TASK PROMPT
The records below are to be copied exactly, with their pictures left out.

━━━ PROVIDED DATA

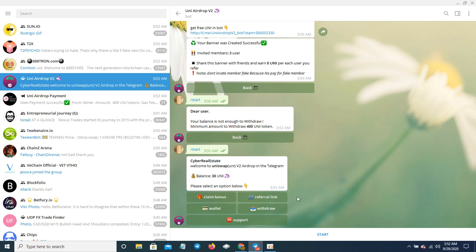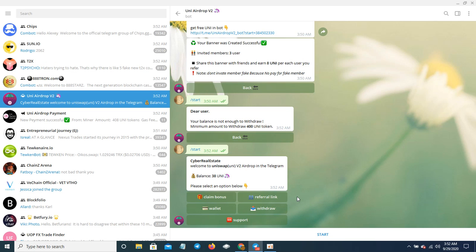This Uniswap bot, link in the description, you can get some free Uniswap tokens. Once you get 400, you cash it out for $1,000 as an airdrop from the Uniswap bot. Alright, that's it for today's episode.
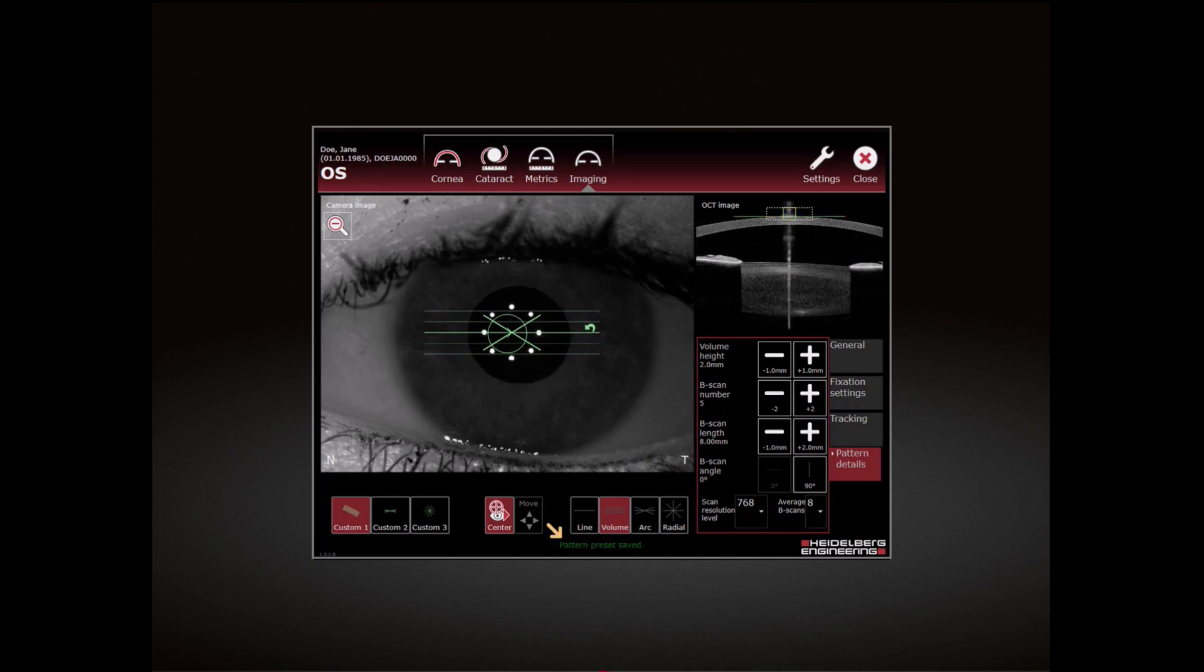A message is displayed at the bottom of the acquisition window indicating that the pattern preset has been saved. To overwrite a preset, repeat the saving procedure.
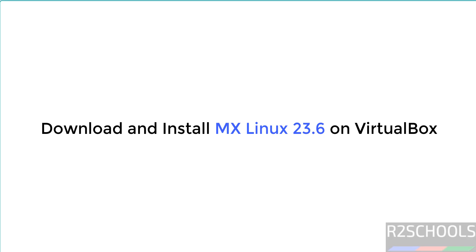Hello guys, in this video we will see how to download and install MX Linux 23.6 on VirtualBox.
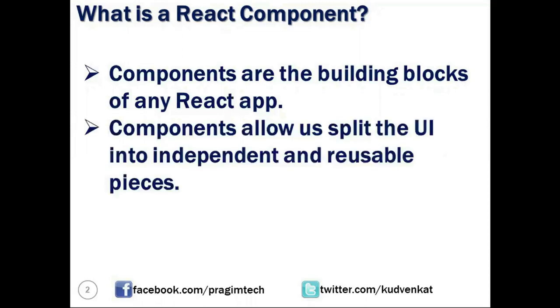Conceptually, a component is a JavaScript class or function that accepts input as properties, in short we call them props, and returns a React element that describes how a section of the user interface should appear.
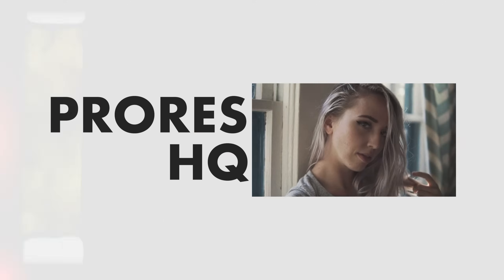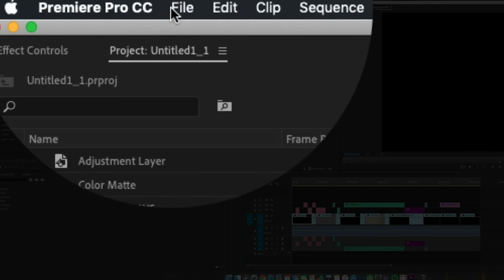One of these ProRes types is ProRes HQ, which maintains a 422 10-bit color space that many editors prefer, while being able to stay visually lossless among many copies. This file usually has a .mov extension, and because it's minimally compressed, it doesn't take as long to render as an H.264 file.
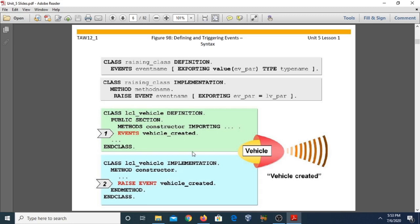In the same way, we can also create instance events or static methods. These instance events or static methods can be defined within a class to handle the events using the 'event' statement. For static events, we use the 'class events' keyword.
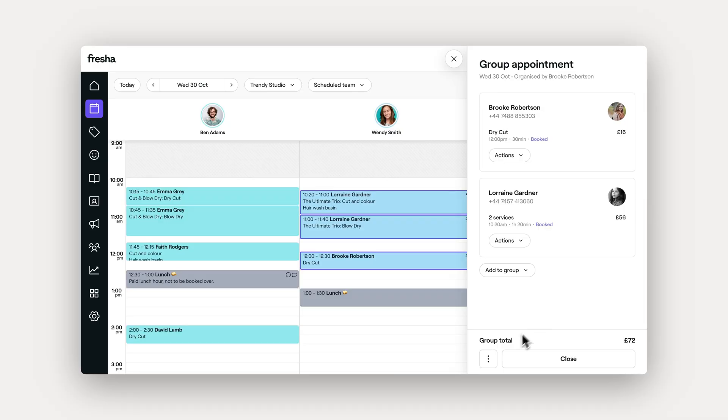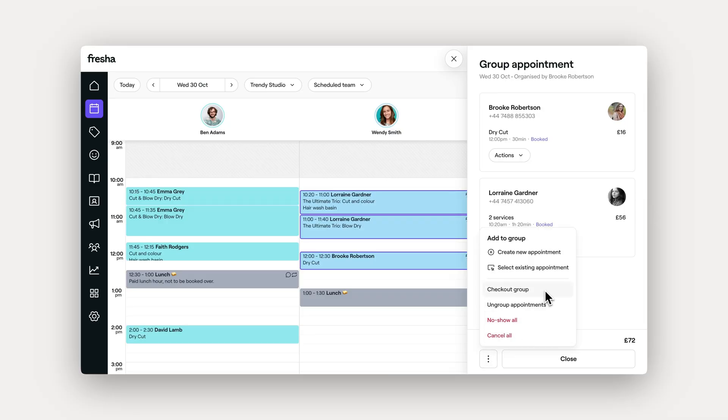Once all services are complete, you can check out the entire group in one go. You can also use quick actions to manage the group, like canceling all bookings or ungrouping them, giving you full control over the process.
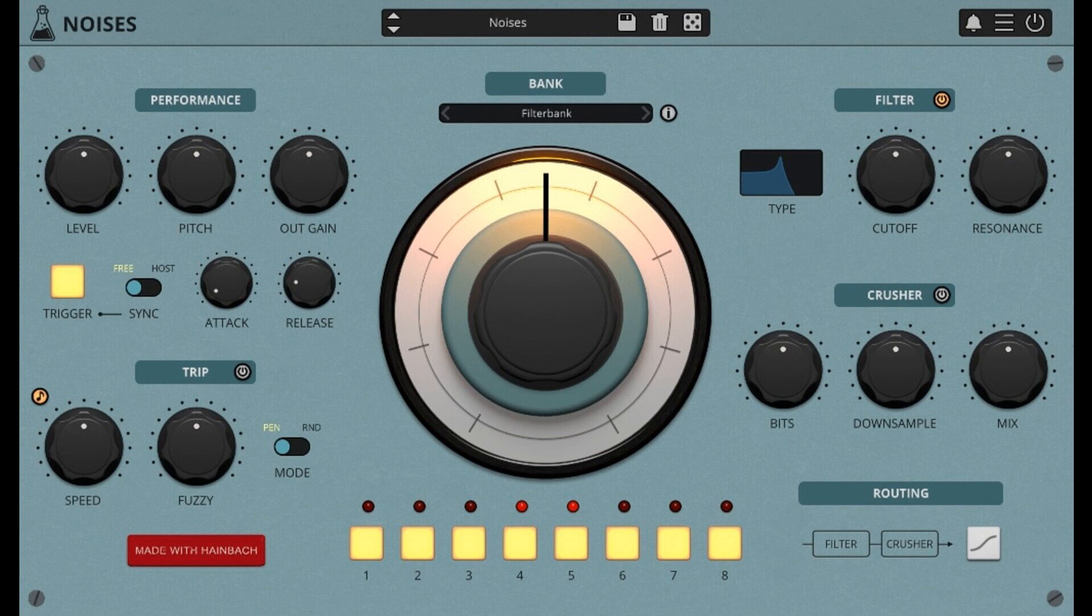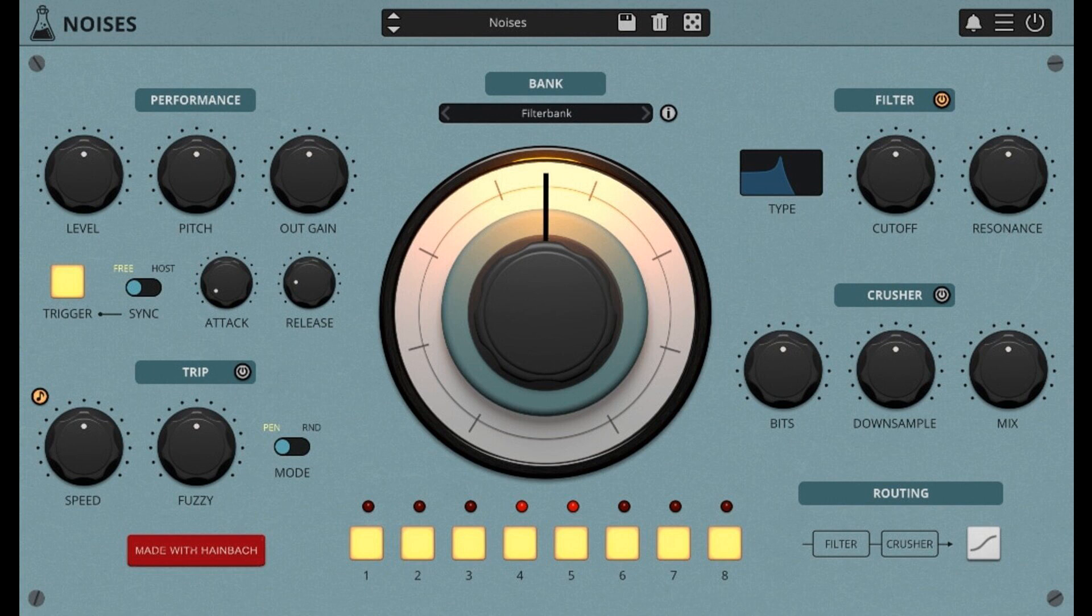Audio Thing has released Noises, a Creative Texture Instrument plugin. Noises features hundreds of recordings of rare vintage measurement and tape equipment, analog synths, strange field recordings, electroacoustic and magnetic field experiments, and more.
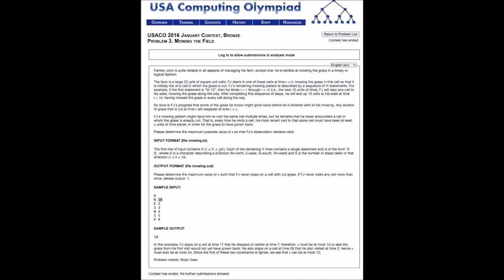As for the limits, N is less than or equal to 100 and S is less than or equal to 10. The problem doesn't specify how large the grid is, but since he can travel at most 100 times with 10 units each, that's 1000, so we can assume the grid is at most a thousand. It also doesn't mention whether coordinates can be negative, so we should deal with that.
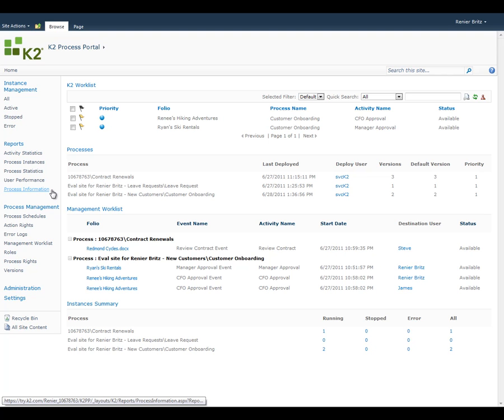These reports span from high-level cross-process usage statistics on things like what users are most active and how long it takes for a process to complete, all the way to very detailed audit trail reports like the Process Instance Report.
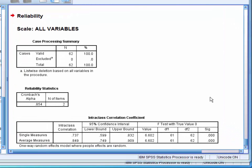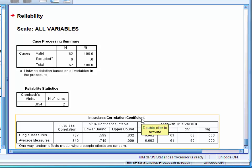Our main table of interest here is the Intraclass Correlation Coefficient table. Here we want to read the results from the single measures row.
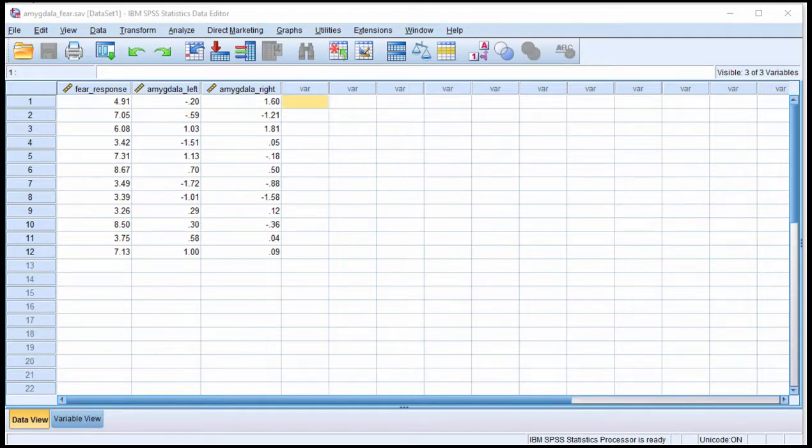The purpose of this video is to demonstrate how to solve the problem of testing the difference between two correlations that have a common dependent variable.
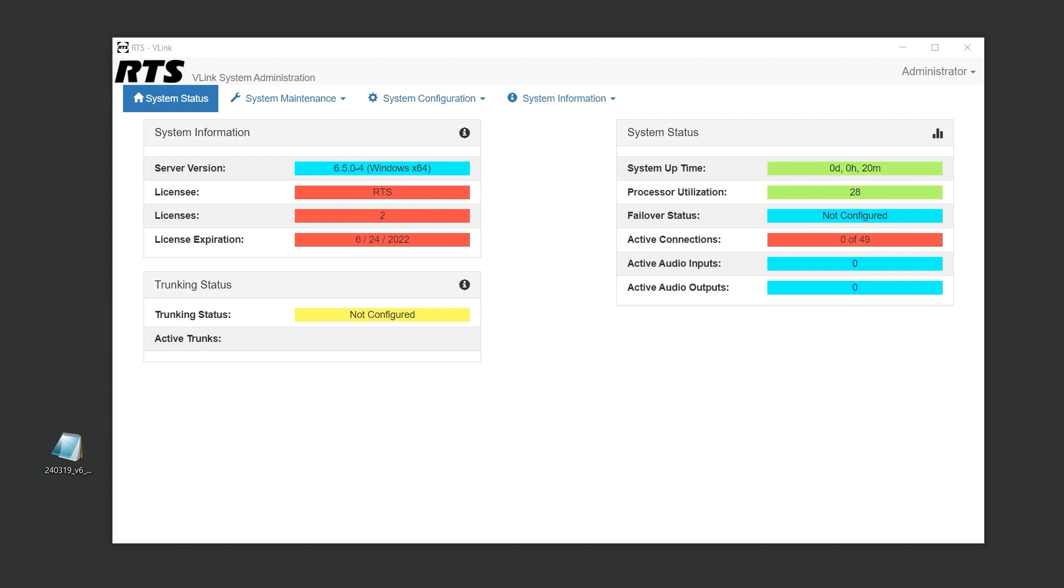If you're ready to purchase Vlink, you can do so through RTS. After your purchase, provide your system ID to receive your license file. If you're still considering Vlink, don't worry. We offer temporary licenses for testing purposes.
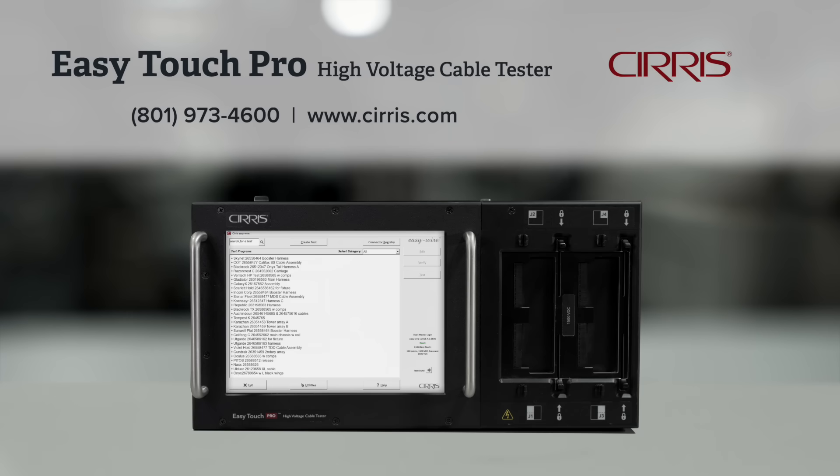Call Cirris to discuss availability and pricing or to order a free demo unit.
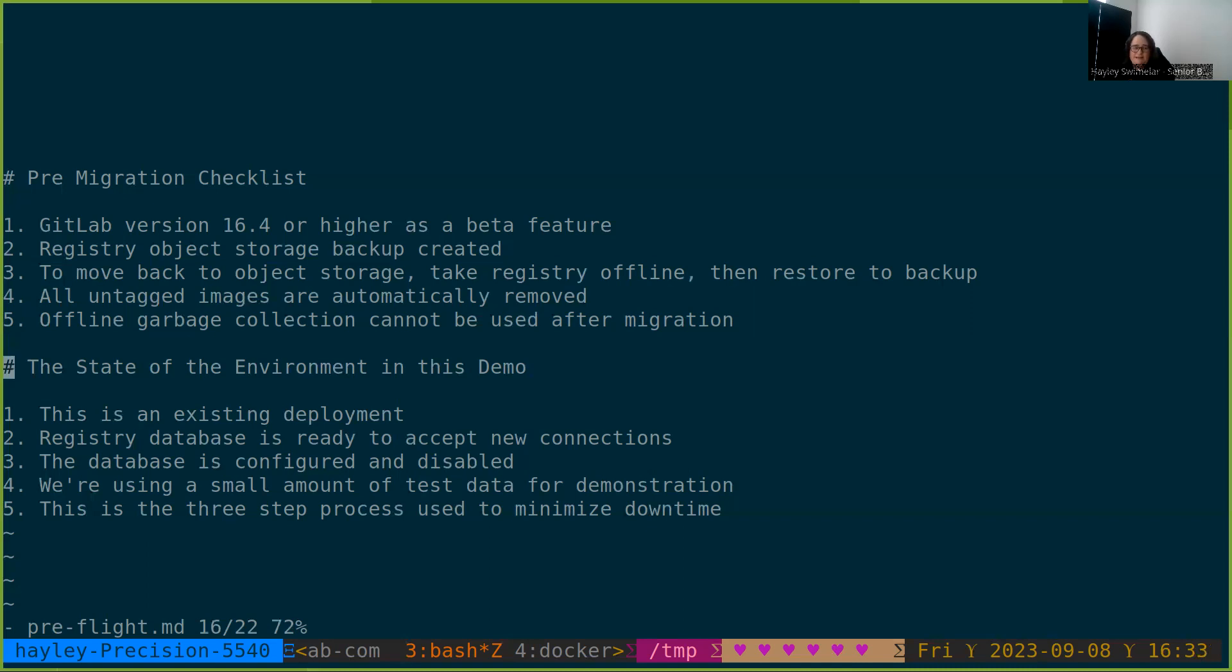Let's talk about the state of the environment in this demo. This is an existing registry deployment. We already have images pushed up to the registry object storage. This is not a guide for starting from a fresh install.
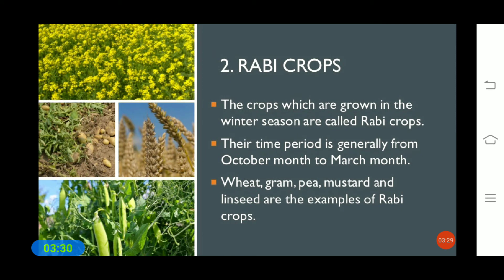Rabi crops are the crops which are grown in the winter season. Their time period is generally from October to March. Examples of Rabi crops include wheat, gram, pea, mustard, and linseed.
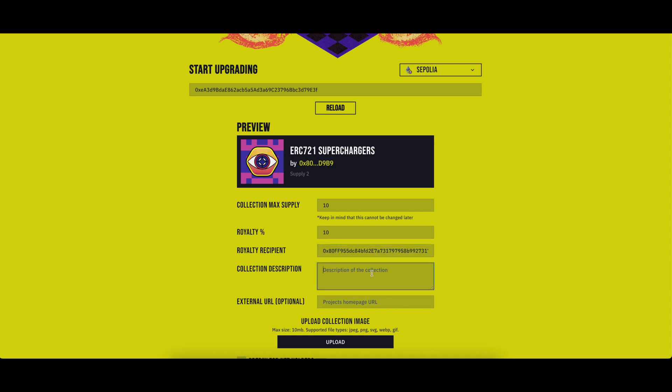Write the description of your collection. It can be similar to the original collection, or you can mention that this collection is now with modular NFT following remark ERC standards.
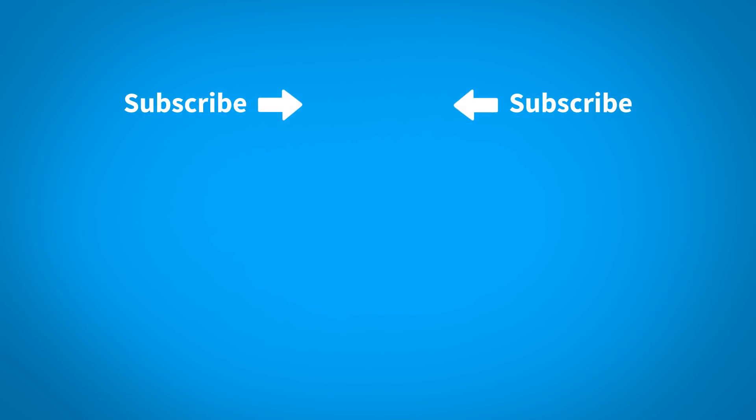Thanks for watching this KeyShot quick tip. For more KeyShot learning content, click on one of the playlists below. To make sure you don't miss any new content as it's posted, subscribe to our channel by clicking the KeyShot icon in the center of the screen.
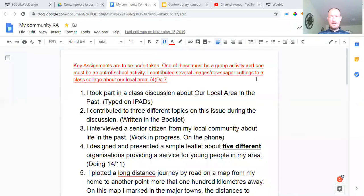Hello again. This is a video for social education for LCA. I hope it'll be helpful. I'll just take you through some of the bits we did and then the bits that we're supposed to be currently doing on contemporary issues.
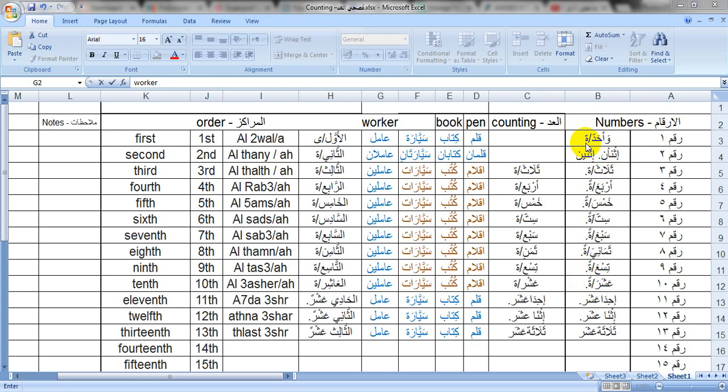We will be discussing that in the counting video next time. What I just said was the general form of counting — this is how you count. But if you want to distinguish male and female, you simply say wahid or wahida.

━━━━━━

WRITTEN ANSWER
This Uniswap bot, link in the description, you can get some free Uniswap tokens. Once you get 400, you cash it out for $1,000 as an airdrop from the Uniswap bot. Alright, that's it for today's episode.
A message is displayed at the bottom of the acquisition window indicating that the pattern preset has been saved. To overwrite a preset, repeat the saving procedure.
Hello guys, in this video we will see how to download and install MX Linux 23.6 on VirtualBox.
Conceptually, a component is a JavaScript class or function that accepts input as properties, in short we call them props, and returns a React element that describes how a section of the user interface should appear.
One of these ProRes types is ProRes HQ, which maintains a 422 10-bit color space that many editors prefer, while being able to stay visually lossless among many copies. This file usually has a .mov extension, and because it's minimally compressed, it doesn't take as long to render as an H.264 file.
In the same way, we can also create instance events or static methods. These instance events or static methods can be defined within a class to handle the events using the 'event' statement. For static events, we use the 'class events' keyword.
Once all services are complete, you can check out the entire group in one go. You can also use quick actions to manage the group, like canceling all bookings or ungrouping them, giving you full control over the process.
Audio Thing has released Noises, a Creative Texture Instrument plugin. Noises features hundreds of recordings of rare vintage measurement and tape equipment, analog synths, strange field recordings, electroacoustic and magnetic field experiments, and more.
As for the limits, N is less than or equal to 100 and S is less than or equal to 10. The problem doesn't specify how large the grid is, but since he can travel at most 100 times with 10 units each, that's 1000, so we can assume the grid is at most a thousand. It also doesn't mention whether coordinates can be negative, so we should deal with that.
These reports span from high-level cross-process usage statistics on things like what users are most active and how long it takes for a process to complete, all the way to very detailed audit trail reports like the Process Instance Report.
Our main table of interest here is the Intraclass Correlation Coefficient table. Here we want to read the results from the single measures row.
The purpose of this video is to demonstrate how to solve the problem of testing the difference between two correlations that have a common dependent variable.
If you're ready to purchase Vlink, you can do so through RTS. After your purchase, provide your system ID to receive your license file. If you're still considering Vlink, don't worry. We offer temporary licenses for testing purposes.
Call Cirris to discuss availability and pricing or to order a free demo unit.
Let's talk about the state of the environment in this demo. This is an existing registry deployment. We already have images pushed up to the registry object storage. This is not a guide for starting from a fresh install.
Rabi crops are the crops which are grown in the winter season. Their time period is generally from October to March. Examples of Rabi crops include wheat, gram, pea, mustard, and linseed.
Write the description of your collection. It can be similar to the original collection, or you can mention that this collection is now with modular NFT following remark ERC standards.
Thanks for watching this KeyShot quick tip. For more KeyShot learning content, click on one of the playlists below. To make sure you don't miss any new content as it's posted, subscribe to our channel by clicking the KeyShot icon in the center of the screen.
Hello again. This is a video for social education for LCA. I hope it'll be helpful. I'll just take you through some of the bits we did and then the bits that we're supposed to be currently doing on contemporary issues.
We will be discussing that in the counting video next time. What I just said was the general form of counting — this is how you count. But if you want to distinguish male and female, you simply say wahid or wahida.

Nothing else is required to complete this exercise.